Faizlerin, dünyadaki gelişmelere de bağlı bulunduğuna, o nedenle şimdiden bir şey söylemenin zor olduğuna dikkati çeken Babacan, "Bizim kanaatimiz şu; doğru politikalar izlendiğinde, doğru bir duruş sergilendiğinde ve politikalar, güven ile istikrar üzerine inşa edildiğinde enflasyon beklentisi düşecektir, bunun yanında faizler de düşecektir" dedi. 

- "Türkiye, istihdamın en hızlı arttığı birkaç ülkeden biri"

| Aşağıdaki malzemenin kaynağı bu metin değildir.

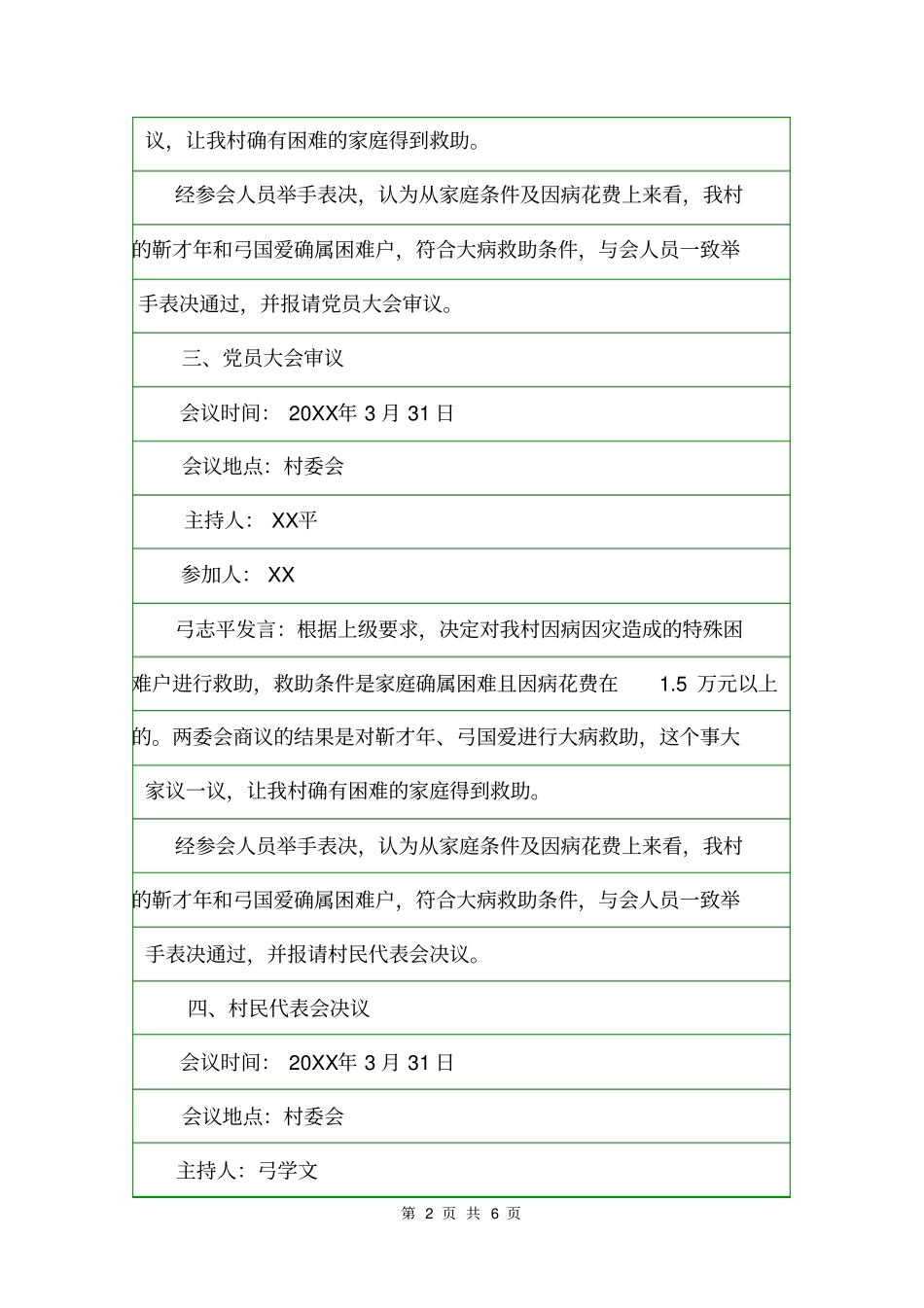 医疗救助工作的会议纪要会议纪要_第2页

İşsizlik rakamlarındaki yükselişin sorulması üzerine de Babacan, burada değişik bir tablonun ortaya çıktığını söyledi. 

Babacan, 2013-2014 yıllarında Türkiye'de toplam çalışan sayısının 1 milyon 300 bin kişi arttığını ancak bunun yanında iş gücüne katılımın daha çok arttığını belirterek, "Son 3 yılda şimdiye kadar görmediğimiz hızda iş gücüne katılım arttı. Özellikle üniversite mezunu olan kadınlarda iş gücüne katılım çok hızlı artıyor. Geleneksel verilerimize göre, kadınlarda iş gücüne katılım oranı yüzde 30, erkeklerde yüzde 70 civarında. Son 3 yılda ise yeni işe giren her 100 kişiden 46'sı kadın, 54'ü erkek. Bu, genel anlamda ekonomimizin verimliliğinin yükselmesi açısından iyi bir şey" değerlendirmesinde bulundu. 

Türkiye'de ekonominin büyüdüğünü ve istihdam üretildiğini vurgulayan Babacan, Türkiye'nin, istihdamın en hızlı arttığı birkaç ülkeden biri olduğuna dikkati çekti. 

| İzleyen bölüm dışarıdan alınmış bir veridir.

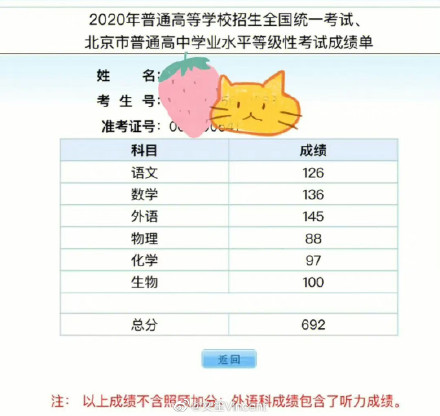 The boy estimated the result at 700, and it was indeed 700.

İşsizlik rakamlarına ilişkin yeni tedbirler aldıklarına da değinen Babacan, özellikle işe yeni girenlere verilen destekten çok önemli sonuçlar beklediklerini söyledi. Bir gencin, yeni bir işe başladığında ilk 6 ay boyunca maaşının devlet tarafından ödeneceğini aktaran Babacan, bunun devamında şartlara bağlı olarak bir süre daha SGK işveren priminin de devlet tarafından karşılanacağını kaydetti.